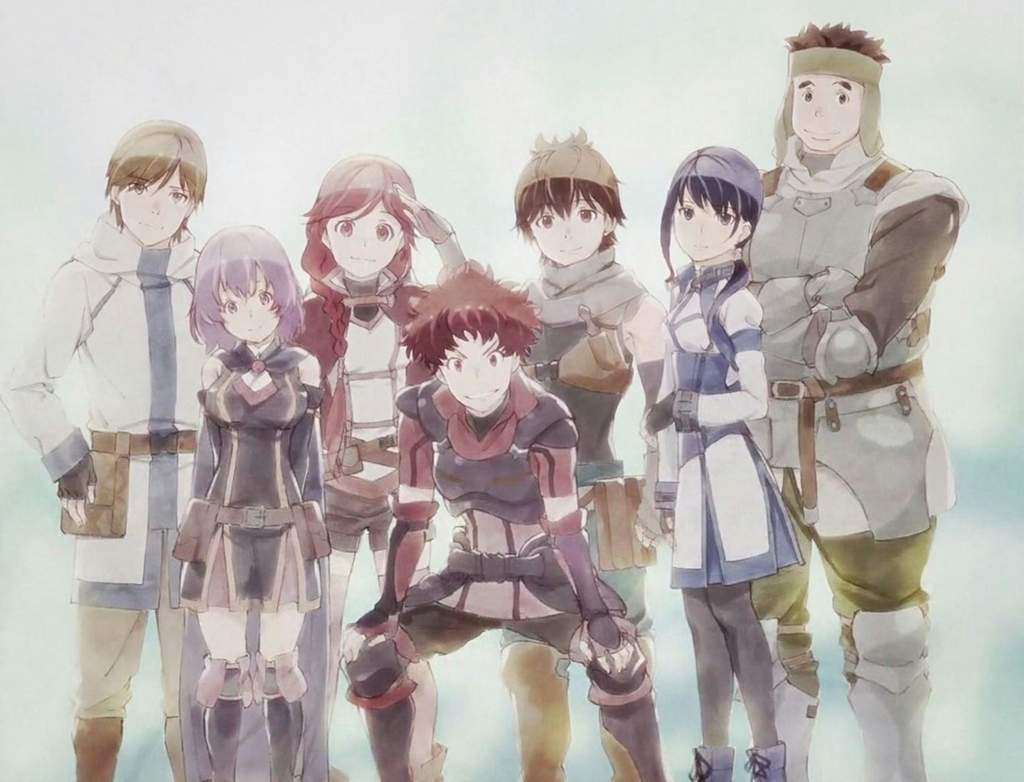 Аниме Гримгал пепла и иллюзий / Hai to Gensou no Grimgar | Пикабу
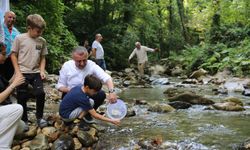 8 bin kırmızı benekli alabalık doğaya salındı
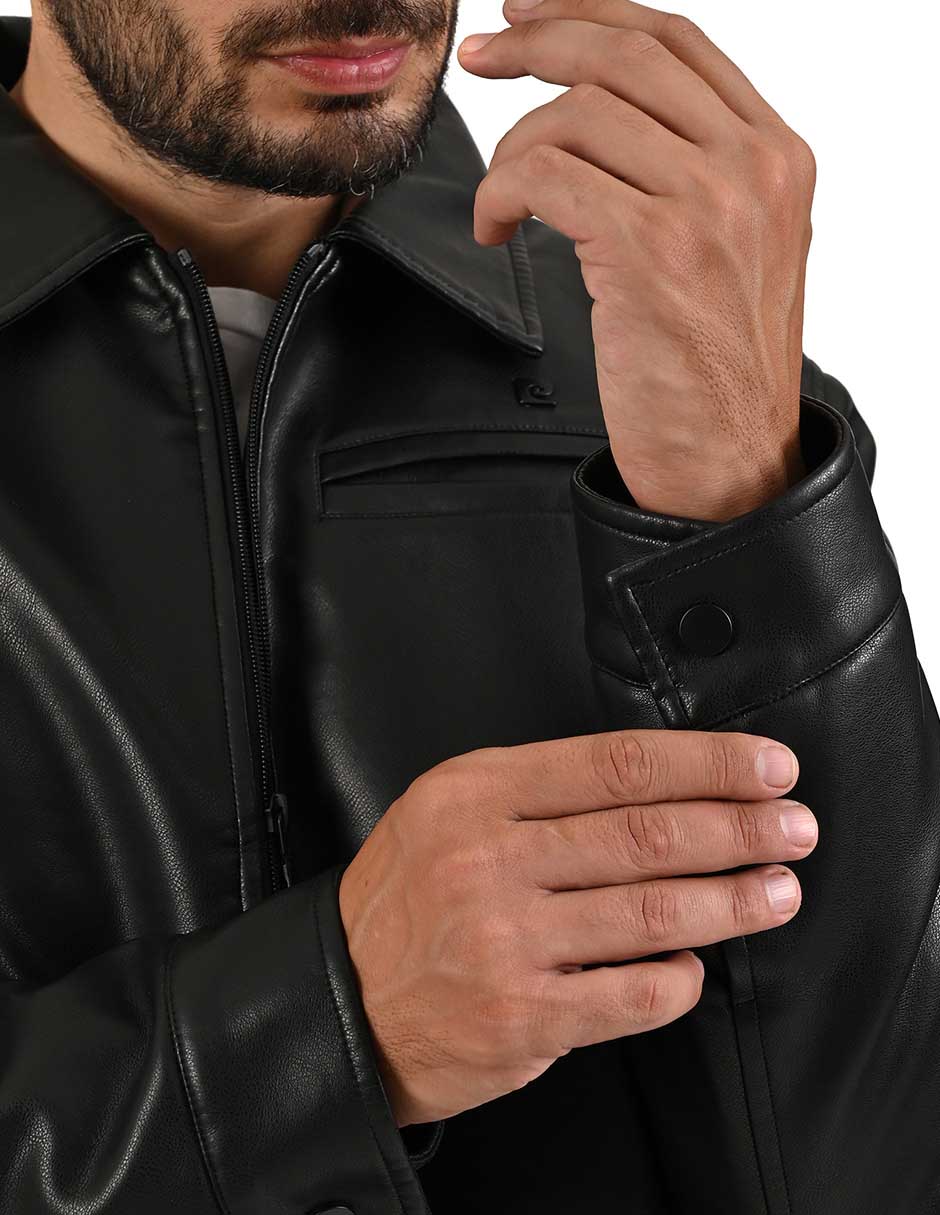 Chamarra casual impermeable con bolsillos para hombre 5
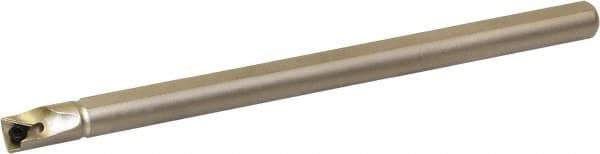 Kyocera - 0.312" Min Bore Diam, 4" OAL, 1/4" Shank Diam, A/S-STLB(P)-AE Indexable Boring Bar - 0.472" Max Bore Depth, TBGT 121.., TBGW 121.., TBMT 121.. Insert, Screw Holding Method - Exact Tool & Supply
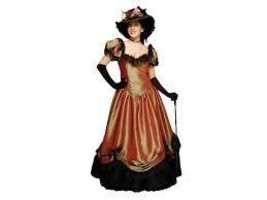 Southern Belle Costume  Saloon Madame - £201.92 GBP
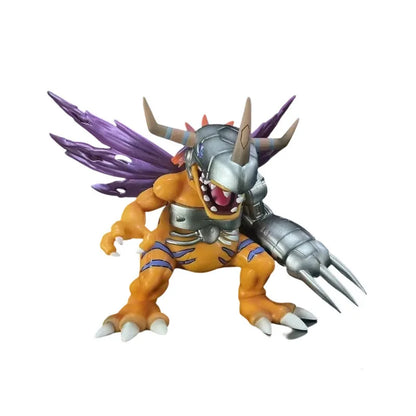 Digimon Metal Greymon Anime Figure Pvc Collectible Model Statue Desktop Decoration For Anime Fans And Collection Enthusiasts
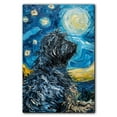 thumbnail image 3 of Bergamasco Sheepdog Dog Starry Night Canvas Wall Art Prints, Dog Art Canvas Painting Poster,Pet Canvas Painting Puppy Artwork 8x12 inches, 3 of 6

===

HOW TO COMPLETE THIS TASK:
Output exactly, and with no pictures, the lines from the line that holds "Digimon Metal Greymon" through the last line of the listing above.

REPLY TO THE TASK:
 Digimon Metal Greymon Anime Figure Pvc Collectible Model Statue Desktop Decoration For Anime Fans And Collection Enthusiasts
 thumbnail image 3 of Bergamasco Sheepdog Dog Starry Night Canvas Wall Art Prints, Dog Art Canvas Painting Poster,Pet Canvas Painting Puppy Artwork 8x12 inches, 3 of 6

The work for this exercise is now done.